WORK TO COMPLETE: Say how many lines in the records include the string "Double", adding no other words.

────────────────────────────────────────

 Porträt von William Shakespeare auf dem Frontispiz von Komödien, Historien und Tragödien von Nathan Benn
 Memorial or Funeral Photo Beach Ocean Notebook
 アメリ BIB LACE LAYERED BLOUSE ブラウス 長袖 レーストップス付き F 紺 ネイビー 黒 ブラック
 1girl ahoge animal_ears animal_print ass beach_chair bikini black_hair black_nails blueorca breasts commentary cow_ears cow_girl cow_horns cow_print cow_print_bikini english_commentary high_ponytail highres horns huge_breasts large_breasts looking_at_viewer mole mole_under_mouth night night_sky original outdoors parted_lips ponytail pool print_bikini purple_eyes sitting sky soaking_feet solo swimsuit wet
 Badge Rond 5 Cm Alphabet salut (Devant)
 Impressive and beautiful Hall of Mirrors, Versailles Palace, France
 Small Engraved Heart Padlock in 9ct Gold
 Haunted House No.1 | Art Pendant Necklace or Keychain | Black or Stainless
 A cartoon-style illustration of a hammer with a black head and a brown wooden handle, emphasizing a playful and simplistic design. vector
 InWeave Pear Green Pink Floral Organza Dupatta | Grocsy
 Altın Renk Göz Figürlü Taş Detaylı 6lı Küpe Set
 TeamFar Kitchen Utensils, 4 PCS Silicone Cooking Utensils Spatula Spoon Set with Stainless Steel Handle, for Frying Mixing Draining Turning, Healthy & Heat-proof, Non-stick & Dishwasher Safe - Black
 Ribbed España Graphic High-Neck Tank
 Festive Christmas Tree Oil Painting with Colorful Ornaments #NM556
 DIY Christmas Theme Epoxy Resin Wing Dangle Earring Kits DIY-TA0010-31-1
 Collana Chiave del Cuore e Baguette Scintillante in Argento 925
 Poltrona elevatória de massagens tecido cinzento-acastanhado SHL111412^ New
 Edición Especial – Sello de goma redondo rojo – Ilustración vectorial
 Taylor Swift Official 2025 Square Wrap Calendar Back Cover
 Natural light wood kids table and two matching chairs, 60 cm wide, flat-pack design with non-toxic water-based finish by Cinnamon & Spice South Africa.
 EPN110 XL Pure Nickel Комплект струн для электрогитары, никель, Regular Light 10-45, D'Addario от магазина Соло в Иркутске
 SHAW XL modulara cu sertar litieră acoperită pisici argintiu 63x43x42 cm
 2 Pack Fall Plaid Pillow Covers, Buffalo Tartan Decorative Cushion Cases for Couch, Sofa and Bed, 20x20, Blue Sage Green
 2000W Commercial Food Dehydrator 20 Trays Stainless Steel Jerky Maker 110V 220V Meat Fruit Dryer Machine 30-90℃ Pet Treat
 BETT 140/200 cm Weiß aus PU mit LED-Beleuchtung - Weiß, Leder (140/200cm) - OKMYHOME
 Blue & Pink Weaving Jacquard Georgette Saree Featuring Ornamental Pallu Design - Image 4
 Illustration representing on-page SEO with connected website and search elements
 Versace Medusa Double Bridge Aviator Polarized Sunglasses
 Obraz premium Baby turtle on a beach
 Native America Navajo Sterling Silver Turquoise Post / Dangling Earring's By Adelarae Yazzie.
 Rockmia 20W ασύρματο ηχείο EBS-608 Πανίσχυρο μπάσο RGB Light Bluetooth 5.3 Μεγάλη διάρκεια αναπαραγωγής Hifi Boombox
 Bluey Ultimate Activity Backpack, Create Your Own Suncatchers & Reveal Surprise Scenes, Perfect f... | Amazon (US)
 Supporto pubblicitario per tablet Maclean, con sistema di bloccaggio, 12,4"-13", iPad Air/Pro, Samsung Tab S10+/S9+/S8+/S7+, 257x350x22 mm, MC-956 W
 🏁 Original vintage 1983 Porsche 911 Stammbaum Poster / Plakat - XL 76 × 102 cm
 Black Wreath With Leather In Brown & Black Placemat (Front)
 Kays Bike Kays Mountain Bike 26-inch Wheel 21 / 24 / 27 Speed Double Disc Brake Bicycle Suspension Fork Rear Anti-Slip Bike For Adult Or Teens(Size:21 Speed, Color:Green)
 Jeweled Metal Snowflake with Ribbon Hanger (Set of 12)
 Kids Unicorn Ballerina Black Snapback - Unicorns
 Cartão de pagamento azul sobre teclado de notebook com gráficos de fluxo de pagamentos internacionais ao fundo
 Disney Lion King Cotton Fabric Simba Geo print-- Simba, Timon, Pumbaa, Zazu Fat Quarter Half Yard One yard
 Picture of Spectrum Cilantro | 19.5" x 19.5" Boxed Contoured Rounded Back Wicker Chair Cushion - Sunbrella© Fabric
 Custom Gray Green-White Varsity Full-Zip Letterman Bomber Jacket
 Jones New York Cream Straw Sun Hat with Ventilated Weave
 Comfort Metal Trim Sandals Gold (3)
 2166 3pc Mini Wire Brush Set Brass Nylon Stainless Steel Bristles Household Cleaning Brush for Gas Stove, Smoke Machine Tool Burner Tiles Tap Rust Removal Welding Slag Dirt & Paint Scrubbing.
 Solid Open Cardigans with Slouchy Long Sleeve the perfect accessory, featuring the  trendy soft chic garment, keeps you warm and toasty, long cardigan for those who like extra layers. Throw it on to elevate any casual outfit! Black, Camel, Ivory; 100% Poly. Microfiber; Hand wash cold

────────────────────────────────────────

SOLUTION: 2